Start of Dataset excerpts

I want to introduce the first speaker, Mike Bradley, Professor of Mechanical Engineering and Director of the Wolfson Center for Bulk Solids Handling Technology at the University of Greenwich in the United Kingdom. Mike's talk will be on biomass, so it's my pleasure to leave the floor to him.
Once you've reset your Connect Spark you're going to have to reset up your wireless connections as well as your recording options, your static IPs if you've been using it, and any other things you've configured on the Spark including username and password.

End of Dataset excerpts
Start of Dataset excerpts

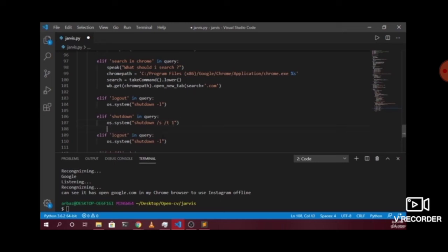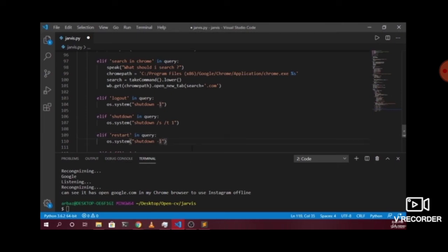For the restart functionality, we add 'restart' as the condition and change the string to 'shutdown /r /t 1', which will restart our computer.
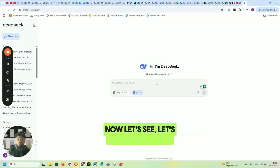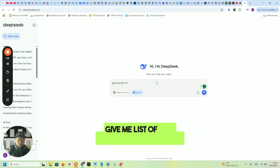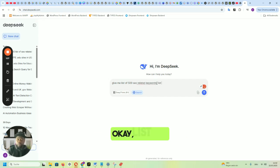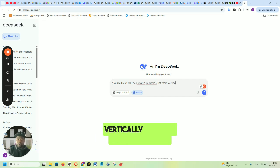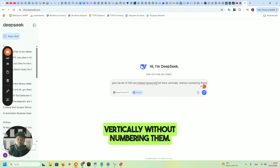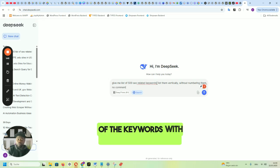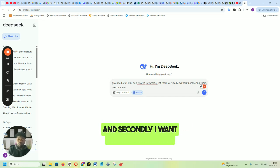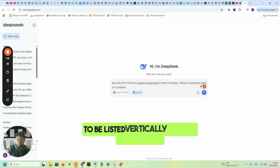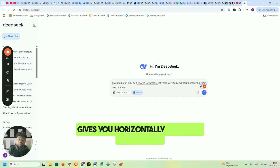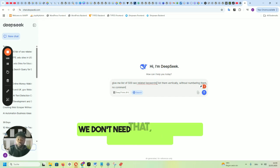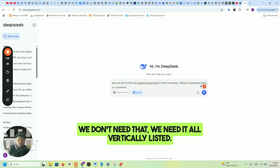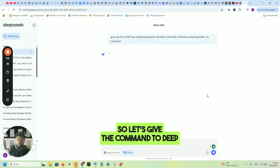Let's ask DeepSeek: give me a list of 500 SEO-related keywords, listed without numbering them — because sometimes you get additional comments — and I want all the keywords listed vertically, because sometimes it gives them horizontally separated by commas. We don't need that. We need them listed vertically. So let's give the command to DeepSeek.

End of Dataset excerpts

Work required:
Give back precisely the lines above that start at the line containing "I want to introduce" and end at the line containing "Once you've reset", inclusive. No other lines belong in the output.

Response below:
I want to introduce the first speaker, Mike Bradley, Professor of Mechanical Engineering and Director of the Wolfson Center for Bulk Solids Handling Technology at the University of Greenwich in the United Kingdom. Mike's talk will be on biomass, so it's my pleasure to leave the floor to him.
Once you've reset your Connect Spark you're going to have to reset up your wireless connections as well as your recording options, your static IPs if you've been using it, and any other things you've configured on the Spark including username and password.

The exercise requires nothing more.